Hadoop - Big Data Solutions
Traditional Enterprise Approach
In this approach, an enterprise will have a computer to store and process big data. For storage purpose, the programmers will take the help of their choice of database vendors such as Oracle, IBM, etc. In this approach, the user interacts with the application, which in turn handles the part of data storage and analysis.
Limitation
This approach works fine with those applications that process less voluminous data that can be accommodated by standard database servers, or up to the limit of the processor that is processing the data. But when it comes to dealing with huge amounts of scalable data, it is a hectic task to process such data through a single database bottleneck.
Google’s Solution
Google solved this problem using an algorithm called MapReduce. This algorithm divides the task into small parts and assigns them to many computers, and collects the results from them which when integrated, form the result dataset.
Hadoop
Using the solution provided by Google, Doug Cutting and his team developed an Open Source Project called HADOOP.
Hadoop runs applications using the MapReduce algorithm, where the data is processed in parallel with others. In short, Hadoop is used to develop applications that could perform complete statistical analysis on huge amounts of data.
Hadoop - Introduction to Hadoop
Hadoop is an Apache open source framework written in java that allows distributed processing of large datasets across clusters of computers using simple programming models. The Hadoop framework application works in an environment that provides distributed storage and computation across clusters of computers. Hadoop is designed to scale up from single server to thousands of machines, each offering local computation and storage.
Hadoop Architecture
At its core, Hadoop has two major layers namely:
- Processing/Computation layer (MapReduce), and
- Storage layer (Hadoop Distributed File System).
MapReduce
MapReduce is a parallel programming model for writing distributed applications devised at Google for efficient processing of large amounts of data (multiterabyte data-sets), on large clusters (thousands of nodes) of commodity hardware in a reliable, fault-tolerant manner. The MapReduce program runs on Hadoop which is an Apache open-source framework.

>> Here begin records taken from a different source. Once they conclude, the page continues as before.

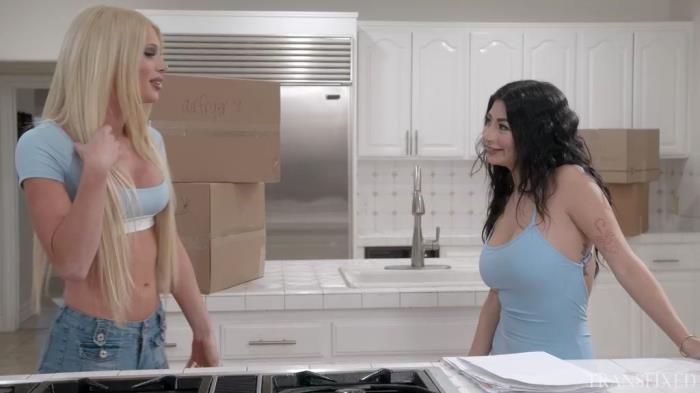 Cami Strella, Eris Jolie - We Haven't Done It In THIS Room [SD 576p]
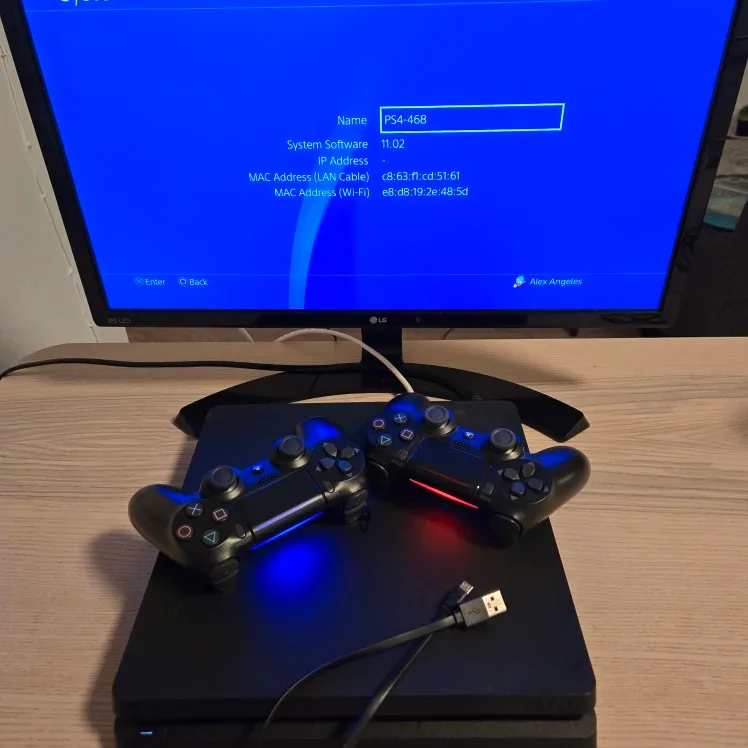 Ps4 Slim 1TB.  FW 11.02. Perfect condition, no issue. Moddable image indicator(3)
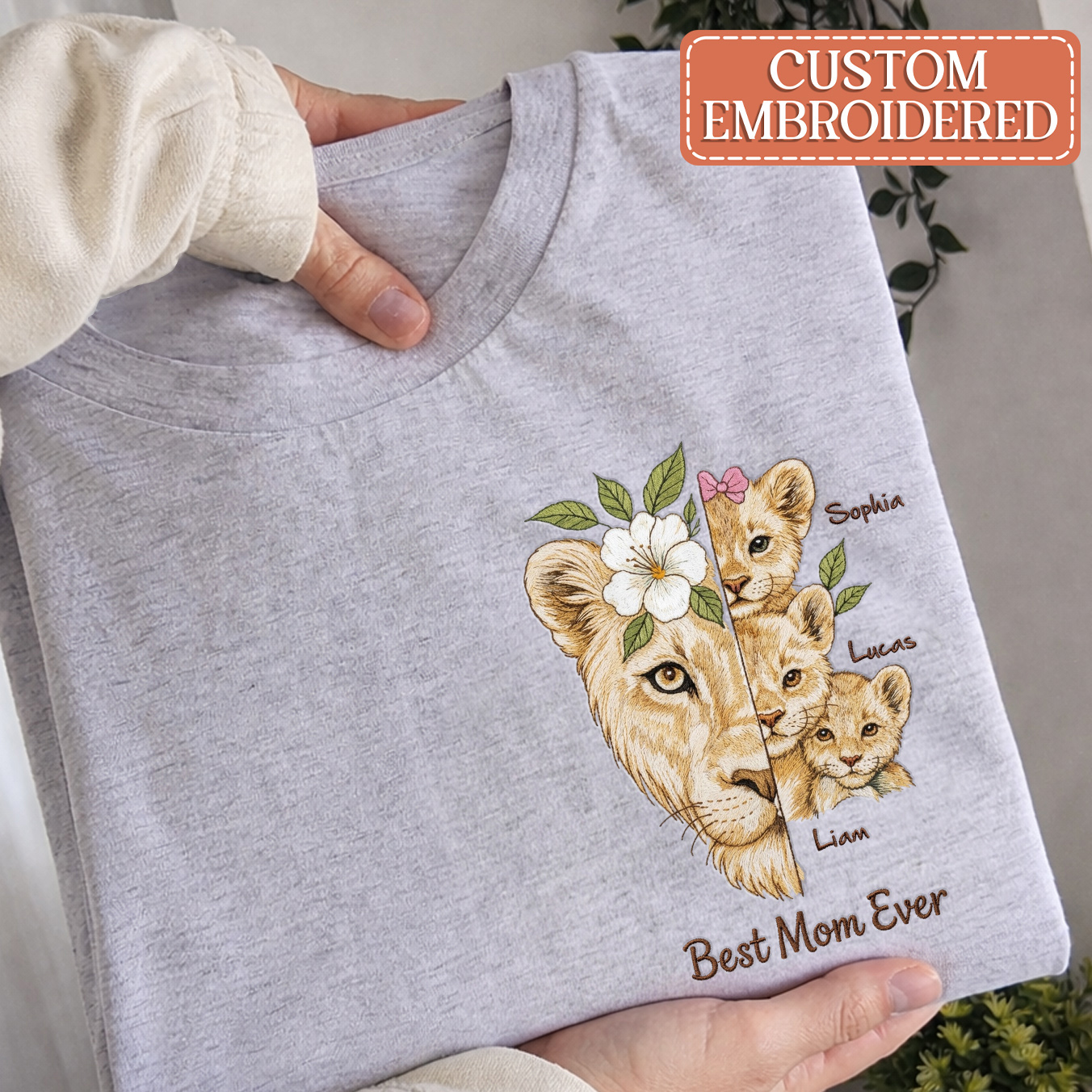 CusGifts Store Facebook ad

Hadoop Distributed File System
The Hadoop Distributed File System (HDFS) is based on the Google File System (GFS) and provides a distributed file system that is designed to run on commodity hardware. It has many similarities with existing distributed file systems. However, the differences from other distributed file systems are significant. It is highly fault-tolerant and is designed to be deployed on low-cost hardware. It provides high throughput access to application data and is suitable for applications having large datasets.
Apart from the above-mentioned two core components, Hadoop framework also includes the following two modules:
- Hadoop Common : These are Java libraries and utilities required by other Hadoop modules.
- Hadoop YARN : This is a framework for job scheduling and cluster resource management.